Janne Formoe (born 13 July 1975) is a Norwegian actress.

==Career==
She grew up in Kristiansand as a daughter of Terje Formoe. Her father established the Captain Sabertooth franchise, where Janne Formoe was a permanent cast member as Sunniva. She joined Agder Teater at the age of nine. In May 2000 she graduated from the Norwegian Academy of Theatre.

In 2003 she appeared in the film Buddy and the TV series Svarte penger, hvite løgner. She starred in plays ranging from The Master Builder to Dyrene i Hakkebakkeskogen
and The Witches. She featured in radio dramas and audiobooks.

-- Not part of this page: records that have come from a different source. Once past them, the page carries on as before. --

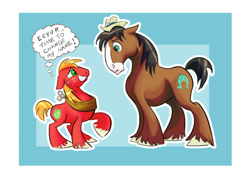 Size: 820x591 | Tagged: safe, artist:nukilik, big macintosh, trouble shoes, earth pony, pony, appleoosa's most wanted, eye contact, floppy ears, frown, grin, male, nervous, raised hoof, size comparison, size difference, smiling, stallion, sweat, thought bubble, unshorn fetlocks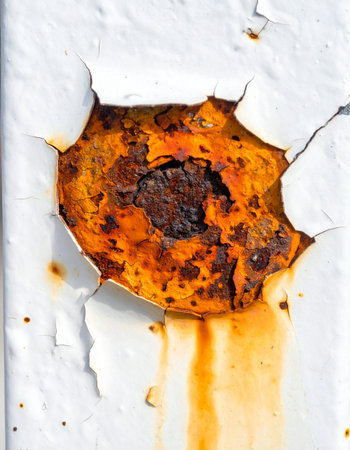A close-up view captures the relentless process of decay as vibrant orange rust erupts through a brittle layer of cracked white paint.の素材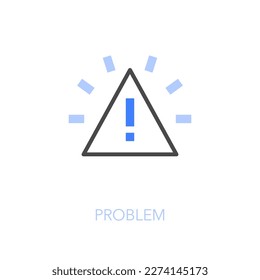 Simple visualised problem icon symbol with an alert triangle sign.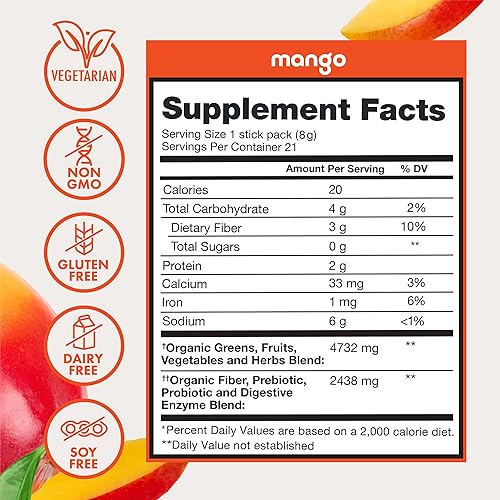 Miniatura 8 de Zena Nutrition Paquete variado de polvo orgánico Super Greens, más de 70 superalimentos, 0 azúcar, 3G de fibra, espirulina, clorella, antioxidantes,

In the spring of 2004, she staged the solo show Neverending Story at Smuget. She also participated in a prank against Kristopher Schau, one of four hosts of Team Antonsen. Formoe gave the impression that she would spend the night with Schau, the buildup to which was filmed with hidden cameras before the prank was unveiled. The segment aired on Team Antonsen.

She joined the Hotel Cæsar cast as Mona Lizzie, and became a part of the long-running Karsten og Petra franchise as Petra's mother. She continued in Captain Sabertooth films, and joined the cast as main character Eva in TV Norge's Neste sommer.

She also started a podcast with Helén Vikstvedt, played Mari in TV 2's Farfar and sat on the judge's panel in Norske Talenter. In 2022 she starred in the female buddy film Jentetur, and ventured into stand up comedy, first in a show with Trine Lise Olsen and Isalill Kolpus.

==Personal life==
In the late 1990s she was in a relationship with Espen Lind.

She started dating music producer Jan Fredrik Karlsen in March 2004. They moved to Nordstrand and had a daughter in 2005, but split up. Formoe moved to Grünerløkka. In the following years, Formoe and Karlsen restarted and ended the relationship several times, before marrying in 2022.